To do => Return every line from the one with "Close-up of the" through the one with "a living room with a bath", inclusive, exactly as it appears below.
+ + + +
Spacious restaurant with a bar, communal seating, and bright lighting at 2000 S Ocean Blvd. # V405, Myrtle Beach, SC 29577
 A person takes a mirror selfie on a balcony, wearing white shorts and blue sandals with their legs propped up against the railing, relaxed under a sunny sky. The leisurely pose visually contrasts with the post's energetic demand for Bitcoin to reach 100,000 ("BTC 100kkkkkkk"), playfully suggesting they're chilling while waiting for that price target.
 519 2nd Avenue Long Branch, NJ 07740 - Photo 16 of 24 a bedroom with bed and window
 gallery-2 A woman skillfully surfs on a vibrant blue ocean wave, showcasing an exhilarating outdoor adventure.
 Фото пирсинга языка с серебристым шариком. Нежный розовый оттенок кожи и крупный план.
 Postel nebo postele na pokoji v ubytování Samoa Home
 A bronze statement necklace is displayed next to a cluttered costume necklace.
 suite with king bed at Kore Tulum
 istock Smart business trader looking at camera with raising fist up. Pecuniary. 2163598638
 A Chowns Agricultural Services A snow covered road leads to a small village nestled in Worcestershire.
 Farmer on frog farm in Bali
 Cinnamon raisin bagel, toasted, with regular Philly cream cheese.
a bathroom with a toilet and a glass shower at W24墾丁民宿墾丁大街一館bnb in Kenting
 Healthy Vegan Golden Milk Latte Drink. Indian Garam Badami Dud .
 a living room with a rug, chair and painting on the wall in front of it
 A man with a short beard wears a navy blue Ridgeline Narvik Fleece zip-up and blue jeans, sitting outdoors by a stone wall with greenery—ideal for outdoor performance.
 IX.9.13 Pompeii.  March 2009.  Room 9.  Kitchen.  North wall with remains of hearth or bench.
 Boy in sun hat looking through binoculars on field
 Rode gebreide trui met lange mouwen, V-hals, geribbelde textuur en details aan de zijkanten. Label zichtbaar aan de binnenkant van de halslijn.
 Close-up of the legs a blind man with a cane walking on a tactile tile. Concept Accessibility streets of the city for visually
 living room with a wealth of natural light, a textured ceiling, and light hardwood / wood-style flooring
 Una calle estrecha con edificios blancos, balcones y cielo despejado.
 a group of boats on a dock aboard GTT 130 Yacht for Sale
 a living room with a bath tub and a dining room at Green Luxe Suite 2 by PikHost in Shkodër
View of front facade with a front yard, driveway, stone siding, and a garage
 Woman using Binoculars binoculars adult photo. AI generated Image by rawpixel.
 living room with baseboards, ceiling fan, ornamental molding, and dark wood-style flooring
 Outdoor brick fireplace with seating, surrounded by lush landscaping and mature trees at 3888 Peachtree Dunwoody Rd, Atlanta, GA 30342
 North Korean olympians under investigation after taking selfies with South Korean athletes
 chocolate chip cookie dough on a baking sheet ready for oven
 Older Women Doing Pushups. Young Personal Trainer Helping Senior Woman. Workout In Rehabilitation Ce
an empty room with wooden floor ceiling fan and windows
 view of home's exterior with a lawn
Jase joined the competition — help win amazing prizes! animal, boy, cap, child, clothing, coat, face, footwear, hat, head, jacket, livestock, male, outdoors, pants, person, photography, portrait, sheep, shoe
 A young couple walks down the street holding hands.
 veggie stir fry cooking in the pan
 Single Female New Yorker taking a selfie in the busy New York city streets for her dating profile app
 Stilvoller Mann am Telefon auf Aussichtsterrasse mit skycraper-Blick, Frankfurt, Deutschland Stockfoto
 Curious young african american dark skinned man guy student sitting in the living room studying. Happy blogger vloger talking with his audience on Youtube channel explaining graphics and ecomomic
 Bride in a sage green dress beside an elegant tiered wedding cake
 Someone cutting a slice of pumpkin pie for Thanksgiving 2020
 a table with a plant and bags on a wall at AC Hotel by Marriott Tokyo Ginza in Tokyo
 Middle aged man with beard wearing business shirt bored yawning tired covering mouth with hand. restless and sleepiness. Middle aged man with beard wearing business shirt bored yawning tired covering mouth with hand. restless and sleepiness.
+ + + +
Expected output =>
 Close-up of the legs a blind man with a cane walking on a tactile tile. Concept Accessibility streets of the city for visually
 living room with a wealth of natural light, a textured ceiling, and light hardwood / wood-style flooring
 Una calle estrecha con edificios blancos, balcones y cielo despejado.
 a group of boats on a dock aboard GTT 130 Yacht for Sale
 a living room with a bath tub and a dining room at Green Luxe Suite 2 by PikHost in Shkodër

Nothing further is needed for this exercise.